Miftahudin mengatakan bahwa untuk menunjukkan rasa hormat mereka kepada Syekh Dapur, nelayan di Kepulauan Krakatau biasanya berdoa dan diperpanjang salam mereka dengan mengatakan "Salam untuk Keramat Syekh Dapur, aku hanya melewati" ketika mereka berada di tengah laut.Dia mengatakan para nelayan percaya bahwa salam tersebut akan memberi mereka kekuatan dan keberuntungan, seperti mendapatkan tangkapan besar dan angin friendly.
 "Biasanya diperlukan perahu nelayan besar sekitar enam jam untuk berlayar dari Canti ke Krakatau, tapi jika Anda tidak beruntung dan gagal untuk menghormati Syekh Dapur, perjalanan bisa memakan waktu hingga 10 jam karena angin kencang," katanya.

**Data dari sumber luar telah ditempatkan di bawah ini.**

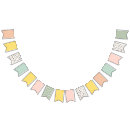 Search for baby nursery bunting flags Birthday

Warga percaya bahwa kerusakan dua kapal keruk pasir Ascho PT Unggul Pratama, yang melakukan penggalian pasir di Gunung. Anak Krakatau, merupakan pertanda buruk bagi pekerja dan perusahaan.Berita menyebar dengan cepat di antara penduduk saat dua kapal dan tongkang rusak.Kapal, dengan mana Ascho telah merencanakan untuk memompa sebanyak 3,4 juta meter kubik pasir dari Mt. Lereng Anak Krakatau, mogok selama percobaan. Awalnya, kapal akan dioperasikan sampai tiga tahun.


Atas saran dari warga setempat, pertemuan syukur diadakan pada 18 Oktober 2009, untuk meminta izin dari Syekh Dapur. Seekor kambing dikorbankan untuk menghormati Syekh Dapur selama acara yang dihadiri oleh Ascho pekerja dan penduduk pulau Sebesi.


Banyak warga juga turut hadir karena kampanye perusahaan bahwa mereka akan melakukan upaya mitigasi bencana untuk membantu masyarakat setempat dalam hal terjadi letusan."Jika kami tahu mereka telah mengambil pasir, kita akan segera didorong pembuluh keluar saat mereka tiba," kata seorang penduduk pulau Sebesi, Mukhtar.


Pembuluh Ascho dan tongkang kembali beroperasi pada 19 Oktober, tapi tiba-tiba menghentikan penggalian pasir lima hari kemudian.


"Perusahaan ini dalam posisi yang sulit, apalagi sekarang Walhi * Forum Indonesia untuk * Lingkungan dan media menyadari operasi kami di sini," kata seorang nakhoda perahu perusahaan Sebesi pulau sementara mooring kapalnya di lepas pantai Pulau Sebesi.